Beri Pardo

Personal information
- Full name: Beri Pardo
- Date of birth: 1 April 1990 (age 35)

Managerial career
- Years: Team
- 2021–2022: İstanbul Başakşehir (assistant coach)

= Beri Pardo =

Portuguese-Turkish football strategist

Beri Pardo (born 1 April 1990) is a Portuguese-Turkish association football strategist and analyst who was most recently the Head of Performance Strategy for club Hull City.

He has also previously worked for Crystal Palace, Trabzonspor, Fenerbahçe, and İstanbul Başakşehir.

== Career ==
Pardo spent his early career working as an analyst for Crystal Palace across two separate spells, which preceded and succeeded a period at Trabzonspor in charge of their recruitment strategy team.

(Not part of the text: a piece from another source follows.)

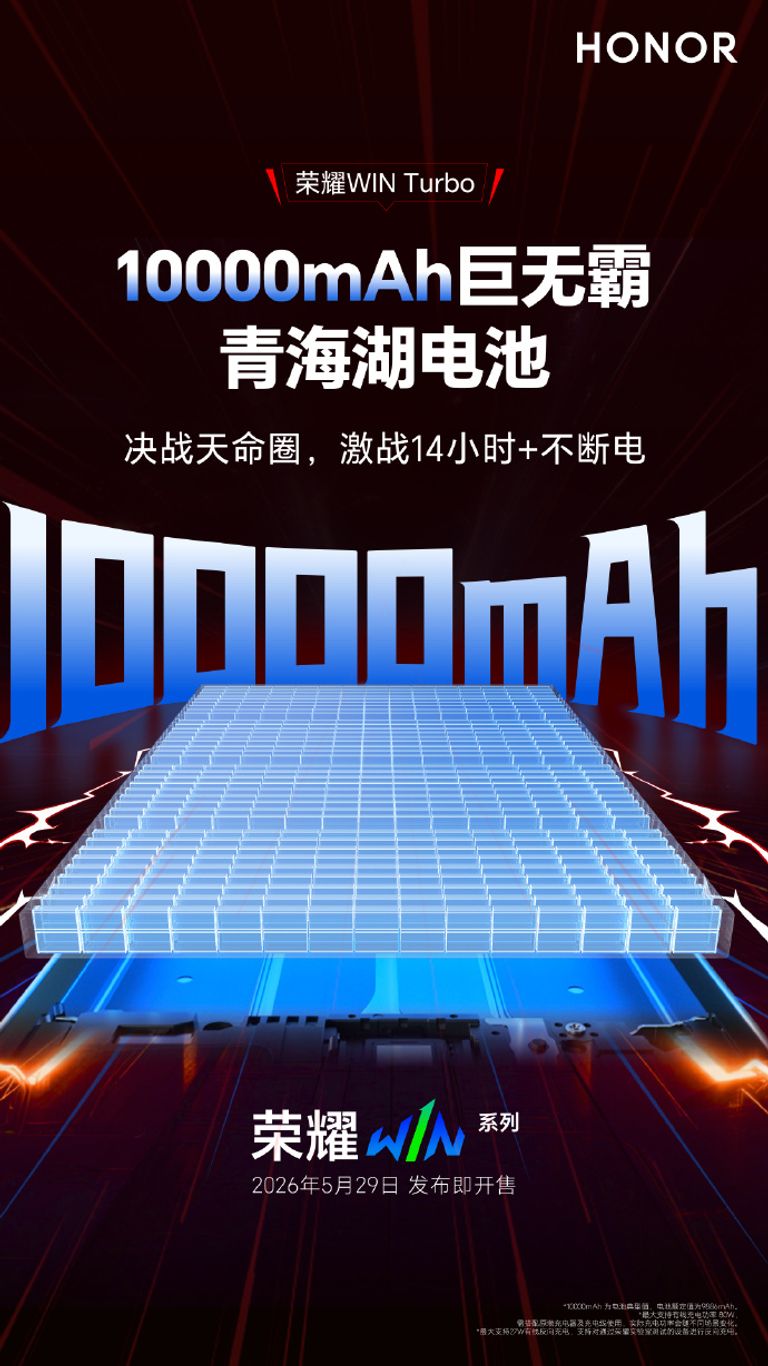 أسعار ومواصفات هاتف Honor Win Turbo.. بطارية 10 آلاف مللي أمبير - صورة 6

On 7 June 2018, Damien Comolli became the new sporting director of Süper Lig side Fenerbahçe. Later that summer, Comolli hired Pardo as the club's Head of Performance Analysis.

Emre Belözoğlu signed as the new head coach of İstanbul Başakşehir on 4 October 2021, and chose Pardo to be his assistant in the job. Just over a year later, on 19 October 2022, Hull City announced the appointment of Pardo as their new Head of Performance Strategy. In June 2023, he became Hull's sporting director, before silently departing the club in December 2024 after Jared Dublin had been promoted to replace him two months earlier.

== Personal life ==
Pardo holds both Portuguese and Turkish citizenship, and is a UEFA A licence coach.